Low end solution, yes run 220v to it. No switches between the VFD and your motor. Lots of info on setting up VFD's on the forum, just search for it or ask.

Cheers and welcome,

John






						1.5kw 220v Single to 3 Phase VFD Variable Frequency Inverter Motor Speed Drive for sale online | eBay
					

Find many great new & used options and get the best deals for 1.5kw 220v Single to 3 Phase VFD Variable Frequency Inverter Motor Speed Drive at the best online prices at eBay! Free shipping for many products!



					www.ebay.com


----------



## JimDawson (Aug 17, 2019)

Welcome to the VFD swamp   

In that HP range you can find VFDs from about $50 and up.  You want 230V (220-240V) single phase input.  For use with a machine tool you also want a Sensorless Vector Control, sometimes listed as SVC, SLC, SV, and maybe some other terms.  Many modern VFDs can run using V/H (volts/Hz) or SV.  Volts/Hz is the old way of doing things.  Sensorless Vector gives you much better speed control and much better low speed torque, normally near 100% torque at 0 RPM.  For fast breaking, a braking resistor is normally externally connected, but some VFDs have this feature built in. Some of the cheaper VFDs do not have this function at all.

My prefered vendor is Automation Direct.  The DuraPulse GS3 units are what I normally use. 





						AC General Purpose Drive: 230 VAC, 2hp with 3-phase and 1-phase input, (VFD) (PN# GS3-22P0) | AutomationDirect
					

GS3-22P0 - DURApulse GS3 series AC general purpose drive, enclosed, 230 VAC, 2hp with 3-phase and 1-phase input, SVC or V/Hz mode, RS-485, Modbus, 5kA...



					www.automationdirect.com
				




And a braking resistor for the above.





						Braking Resistor: 300W, 100 ohm, for GS2/GS3-22P0 AC drives (PN# GS-22P0-BR) | AutomationDirect
					

GS-22P0-BR - Braking resistor, 300W, 100 ohm, encapsulated. For use with GS2/GS3-22P0 AC drives.



					www.automationdirect.com
				




Automation Direct also sells a WEG units, I have no experience with them.





						AC Micro Drive: 240 VAC, 1-1/2hp with 1-phase input, (VFD) (PN# CFW300A06P0S2NB20) | AutomationDirect
					

CFW300A06P0S2NB20 - WEG Electric CFW300 series AC micro drive, enclosed, 240 VAC, 1-1/2hp with 1-phase input, SVC or V/Hz mode, 65kA SCCR. Optional...



					www.automationdirect.com
				




Hitachi, Huanyang, and others.

I think this one is sensorless vector, but not positive about that.  I'm using one of these (10HP model) on my compressor and it seems to work fine.
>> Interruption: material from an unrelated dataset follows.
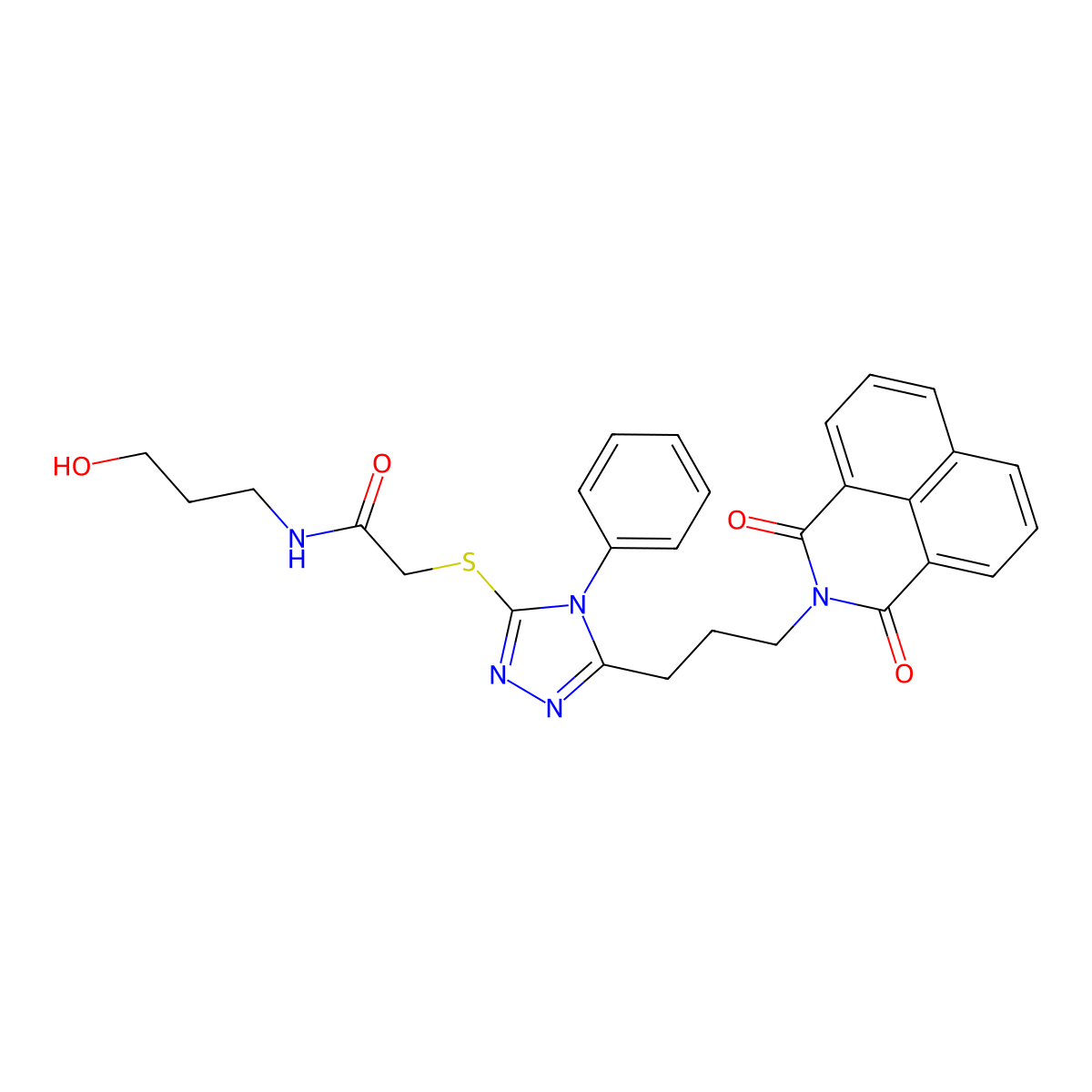 2-((5-(3-(1,3-dioxo-1H-benzo[de]isoquinolin-2(3H)-yl)propyl)-4-phenyl-4H-1,2,4-triazol-3-yl)thio)-N-(3-hydroxypropyl)acetamide molecular structure, CAS 325693-08-1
			https://www.amazon.com/Variable-Frequency-Inverter-Converter-HUANYANG/dp/B0775BKKNJ/ref=sr_1_3?keywords=vfd+1.5kw+HUANYANG&qid=1566062100&s=gateway&sr=8-3
		


I hope this helps.


----------



## Cadillac (Aug 17, 2019)

Or 1ph input 3ph output 2hp motor and a amp rating over 5amps. I just order a teco l510 same specs and it’s rated to 7.5 amps. Can find on eBay for 200. It’s my fourth teco they have great directions and tech support if needed. Going on 8yrs with the first and not a glitch.


----------



## james molaski (Aug 17, 2019)

Exactly the input I was looking for!  I had no idea what sensorless vector was, what it did, or if it was desirable or not. Appreciate all the help!


----------



## Moper361 (Aug 17, 2019)

I have just been through what you are experiencing now .I also am from mechanical trades not electric lol.I was overwhelmed at the start when i first looked at setting up a vfd on my lathe .I took the time to read the info provided here by some helpfull people .Unfortunatly you will always get conflicting information when reading peoples suggestions however that is human nature and not any fault of a single person as we all have different ideas .It is upto you to decide which option best suits your needs.I say keep all options open and work out a plan to suit you.In the end i decided to go away from the idea of modifying my existing control panel and keep the old one complete .The reason being if i ever wanted to put the lathe back to original spec if needed.my lathe only has a 1hp motor so i decided on huangyang vfd 1.5 kw which is twice what i need in reality but within my supply amps rating at home were the lathe will be.The control panel i decided to go it on my own and make a complete new unit.I have a 240 volt supply on inlet to vfd which is controled by an on off switch ,estop , Light and push button to energise magnetc contactor .I have done this so as if i have a power cut the lathe cannot start upon power returning it has to be re energised by pushing button .This is not a control to stop or start lathe its just an initial power up .The vfd then has power out directly to motor.The control switches or commands for vfd are very simple.I have run the common through my safety cut out switches in series to a foot operated switch and then to a forward off reverse switch .When you want lathe to start you depress pedal and it will start in direction selected.These are the basics off my set up .It seems daunting at first but once you make the effort to do it its becomes easier as you understand it .If doing elctrical and your unsure please seek advice and i say double check your work or get a electrician to check it for you.You will need to see if your motor is compatable for vfd also .Here are a couple of snaps of my set up


----------



## james molaski (Aug 21, 2019)

So follow up - I did some calling around and ended up going with Wolf Automation. Guy spent a lotta time on the phone with me explaining things that were absolutely foreign to me. Super helpful. Settled on a Fuji SV unit. More capability for only $13 more than the Teco I originally called about. Allows for some additional functionality I’m not interested in at this time, but should I down the road - it’s there. 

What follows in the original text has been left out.